Ren, Qidong; Weyer, Kathrin; Rbaibi, Youssef; Long, Kimberly R; Tan, Roderick J; Nielsen, Rikke; Christensen, Erik I; Baty, Catherine J; Kashlan, Ossama B; Weisz, Ora A.
Afiliación
  • Ren Q; School of Medicine, Tsinghua University, Beijing, China.
  • Weyer K; Renal-Electrolyte Division, Department of Medicine, University of Pittsburgh School of Medicine, Pittsburgh, Pennsylvania.
  • Rbaibi Y; Department of Biomedicine, Aarhus University, Aarhus, Denmark.

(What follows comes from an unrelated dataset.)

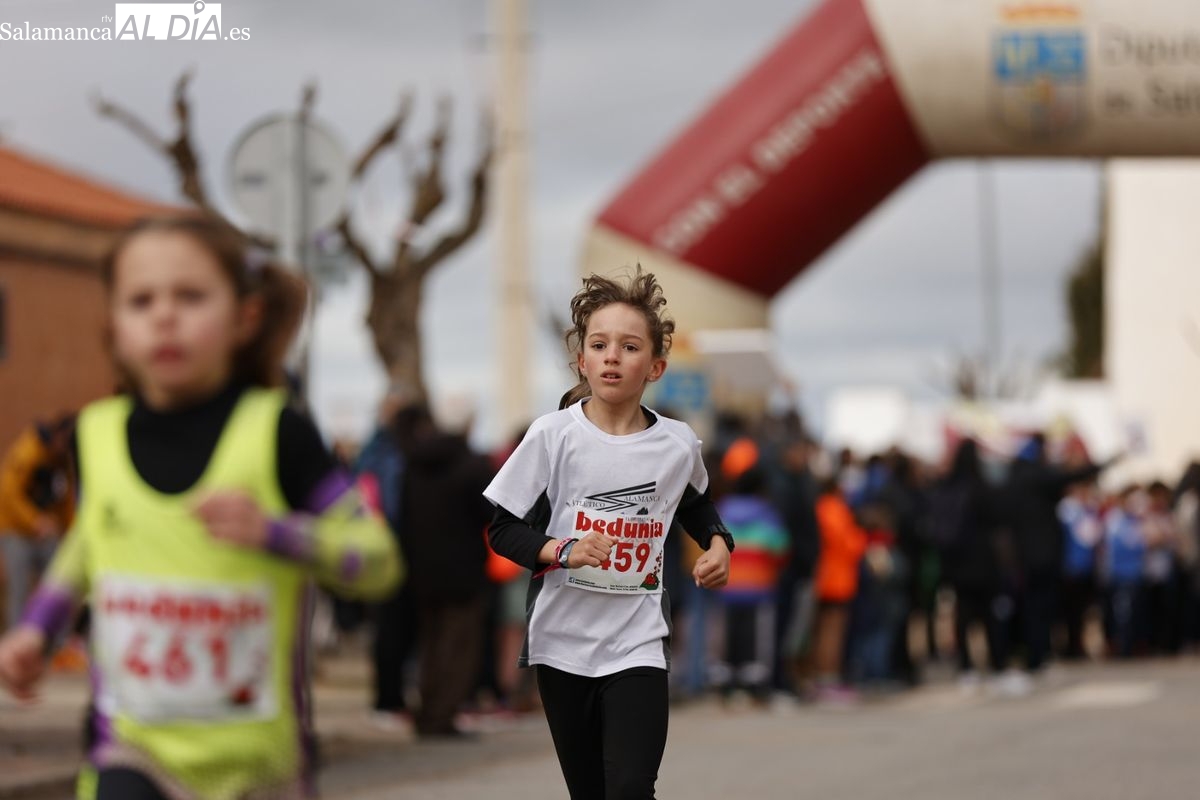 El IX Cross Popular Doñinos de Salamanca cuenta con una nutrida presencia de corredores (GALERÍA DE FOTOS)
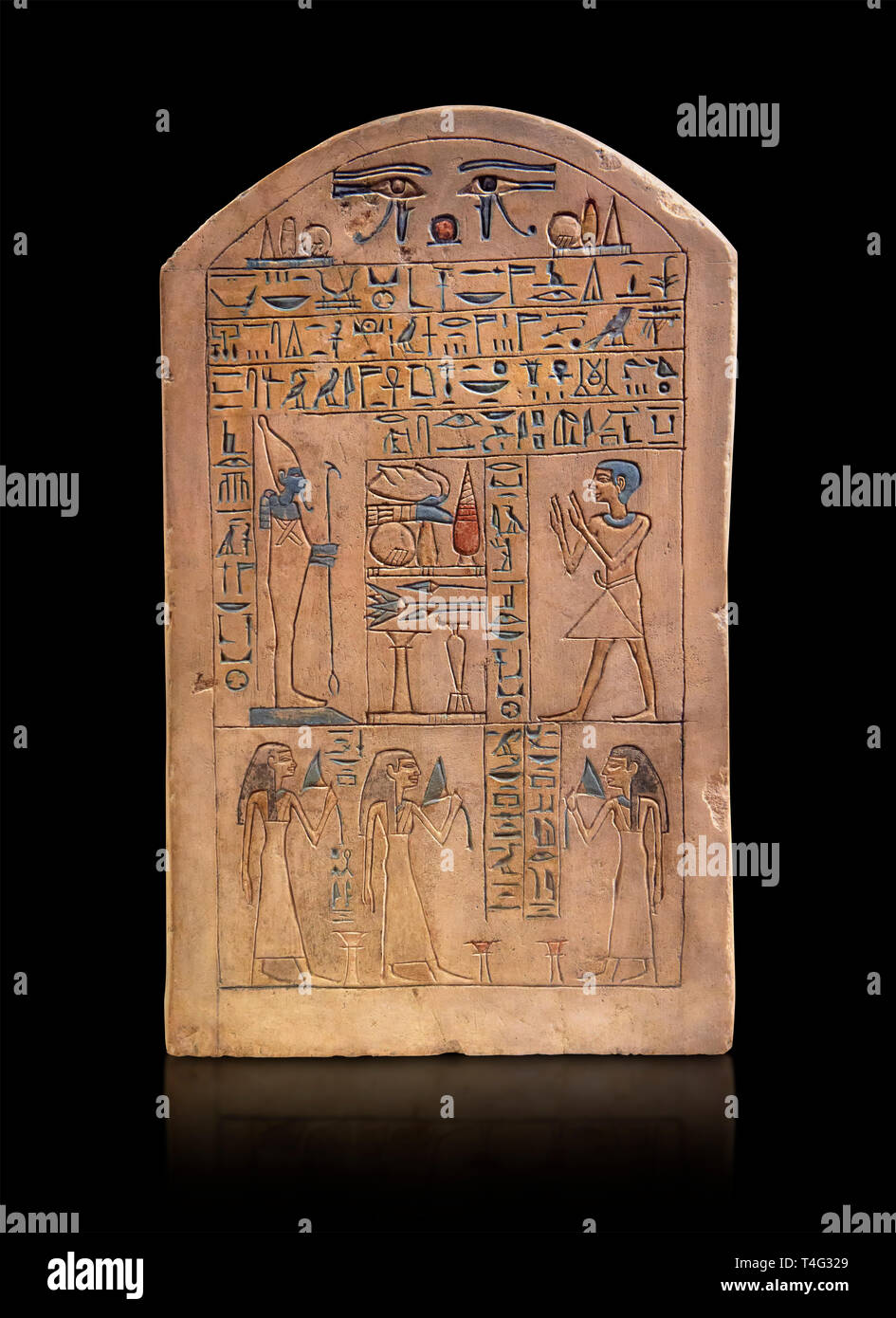 Stèle funéraire en pierre calcaire de l'Égypte ancienne d'Ipepi avec son épouse, mère et sa sœur en face d'Osiris. Moyen Empire, 11e dynastie, 2120-1980 avant JC. Banque D'Images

  • Long KR; Renal-Electrolyte Division, Department of Medicine, University of Pittsburgh School of Medicine, Pittsburgh, Pennsylvania.
  • Tan RJ; Renal-Electrolyte Division, Department of Medicine, University of Pittsburgh School of Medicine, Pittsburgh, Pennsylvania.
  • Nielsen R; Renal-Electrolyte Division, Department of Medicine, University of Pittsburgh School of Medicine, Pittsburgh, Pennsylvania.
  • Christensen EI; Department of Biomedicine, Aarhus University, Aarhus, Denmark.
  • Baty CJ; Department of Biomedicine, Aarhus University, Aarhus, Denmark.
  • Kashlan OB; Renal-Electrolyte Division, Department of Medicine, University of Pittsburgh School of Medicine, Pittsburgh, Pennsylvania.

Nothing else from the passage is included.